Paul Grieco had me at “Pascaline.” Pascaline Lepeltier had me at “Nietzsche.”
Those are not, admittedly, ten words I ever thought would be strung together in an article about wine. But instigating the unexpected is a significant part of the appeal of Paul Grieco, owner of Terroir wine bar in New York’s Tribeca. Is he entertaining? For sure. Is he irreverent? Undoubtedly. Most of all, the man can write a wine list unlike any other.
Grieco’s deep experience and influence within the industry (Summer of Riesling, anyone?) keeps his current activities solidly on my radar, which is how I came to register for a virtual wine class he hosted last week that featured Master Sommelier Pascaline Lepeltier speaking about philosophy, a subject she studied for seven years in her native France before turning her attention to wine.
This is when I ought to (cheekily) confess three things.
- If I’m going to discuss philosophy, I prefer to do so with a native French speaker who pronounces Plato as “plateau” and ultimum as “yule-tee-mum.” If that person happens to have been recognized as Best French Sommelier in 2018 and laureate of Un des Meilleurs Ouvriers de France, all the better.

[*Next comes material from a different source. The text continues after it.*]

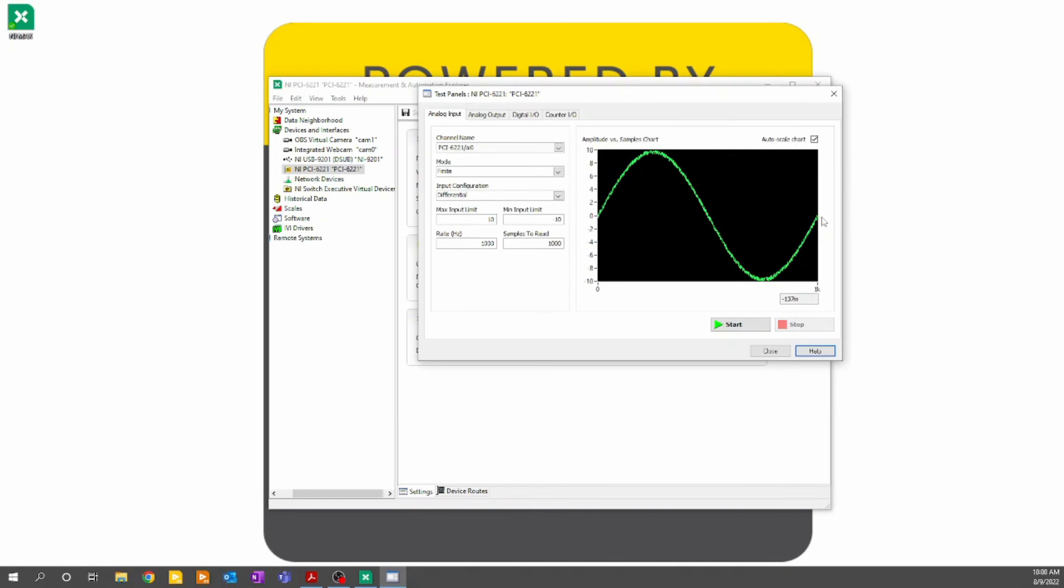Now that we've familiarized ourselves with the test panels and confirmed that our IO is working as expected, we can move on to the next section.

- The impact that philosophy has had in my life would be disclosed to anyone who browsed my personal bookshelves and noticed dog-eared volumes by the likes of Simone de Beauvoir and Immanuel Kant. I’m no closet philosopher. But I am a fan of careful, methodical inquiry that philosophers practice.
- In the context of that inquiry, Nietzsche wins IMO.
Nietzsche was one of Lepeltier’s four philosophers under discussion in last week’s webinar, along with Plato (“plateau”), Kant and Henri Bergson. I was curious to hear Lepeltier’s thoughts on Nietzsche and Existentialism (the doggiest-eared book about philosophy on my shelf is his Beyond Good and Evil) and her relating Nietzsche to Valdespino Manzanilla Sherry was in fact a lightbulb moment.
More on that below, but in the end, that wasn’t my biggest takeaway from the night.
That belongs to Lepeltier’s insights into Bergson, as she connected one of the most pivotal moments of her career in wine (a Château d’Yquem from 1937) to one of the most life-changing realizations from her study of philosophy.
Here are other topics that caught my attention, distilled into five essential questions about language, getting to the “why,” the strength of life, and élan vital.
Why talk about wine and philosophy together?
Wine and philosophy are very interconnected, Lepeltier said, in the sense of discovery of what’s around you and how we understand the world. For her philosophy, like wine, involves a sense of being amazed by that discovery and by asking questions about the “why.” It’s extraordinarily empowering, she said, to not just accept what someone else is telling you and instead to interrogate for yourself. That “suddenly makes you freer than you’ve ever been.”
What can the language of philosophy show us about the language of wine?
Lepeltier studied ancient Greek at school in France. Philosophy (which she translated from Greek into French) became a question of language and examining the connotation of every single word we’re using. Plato followed the dialectic method — asking questions during conversation in order to arrive at an ultimate idea of the truth — which Lepeltier believes is the best method for improving your knowledge, about wine too.
What could Nietzsche possibly have to do with Sherry?
It’s about what Lepeltier called “the strength of life, that is stronger than everything” even though as humans we’re too weak to understand it. It’s why she picked Sherry. She wanted to show is how life is in perpetual transformation even though it’s supposed to die. Sherry repeats itself through the solera system. Even though it continues because of something we fear (that is, a population of bacteria) it’s nonetheless kept alive and still nourished. It’s something that’s ever-changing, yet still the same.
Henri Bergson coined the term “élan vital” in 1907. How did that change Lepeltier’s life? And how does it relate to natural wine?
One of the most pivotal wines of Lepeltier’s life was a Château d’Yquem from 1937. The taste, she said, lasted for thirty seconds in her mouth but the duration and the experience of it was almost everlasting.
That distinction — between the discrete passage of time and the intangible duration of an experience — is at the core of Bergson’s thinking and his concept of élan vital, or the stream of life. “We can feel that we belong to that stream of life when we have the experience of duration,” Lepeltier said, “beyond the tools that we have to survive.”
Lepeltier is in search of the duration, she said, and in search of something that makes her go behind the thing itself, and beyond survival. For her, it comes from wine that’s made in a natural way. With those wines, there are multiple moments of consistency, and a changing quality that we need to embrace. In rethinking the relationship to nature, she said, we can recreate an environment where joy and true respect are important.